++++ Input data ++++

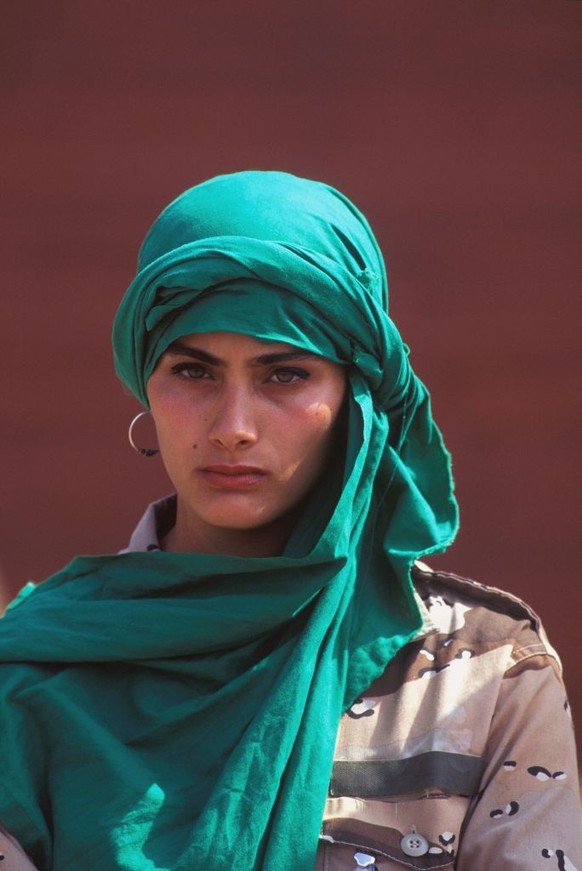 TRIPOLI, LIBYA - SEPTEMBER: Gaddafi's female bodyguard, September 1996. (Photo by Alexis DUCLOS/Gamma-Rapho via Getty Images)
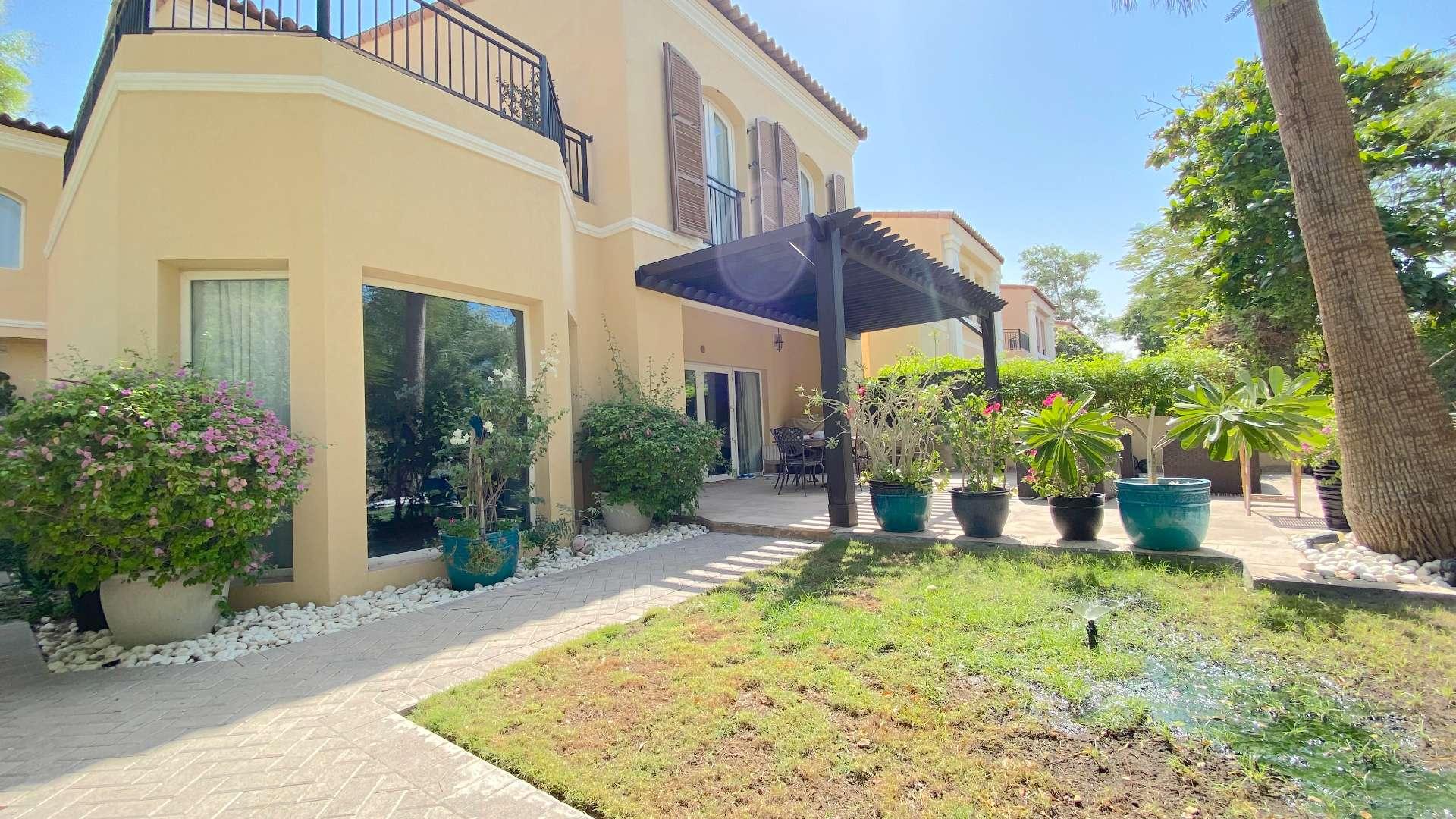 Bright living room in 3-bedroom townhouse, Green Community East, with modern decor and garden view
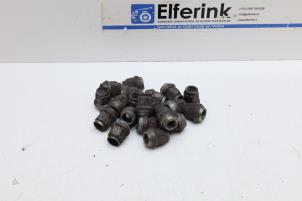 Gebruikte Wielbouten set Opel Insignia Sports Tourer 2.0 CDTI 16V 140 ecoFLEX Prijs € 25,00 Margeregeling aangeboden door Auto Demontage Elferink B.V.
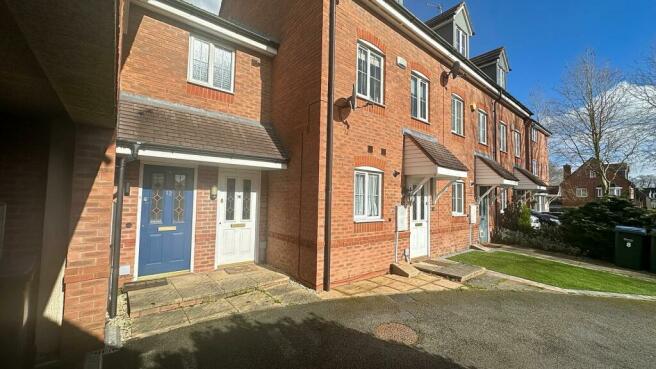 Lovely Ground Floor 2 Bedroom Flat with private g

++++

[Assigned task] Write the data above out exactly. Leave out any pictures.

[Solved problem]
 TRIPOLI, LIBYA - SEPTEMBER: Gaddafi's female bodyguard, September 1996. (Photo by Alexis DUCLOS/Gamma-Rapho via Getty Images)
 Bright living room in 3-bedroom townhouse, Green Community East, with modern decor and garden view
 Gebruikte Wielbouten set Opel Insignia Sports Tourer 2.0 CDTI 16V 140 ecoFLEX Prijs € 25,00 Margeregeling aangeboden door Auto Demontage Elferink B.V.
 Lovely Ground Floor 2 Bedroom Flat with private g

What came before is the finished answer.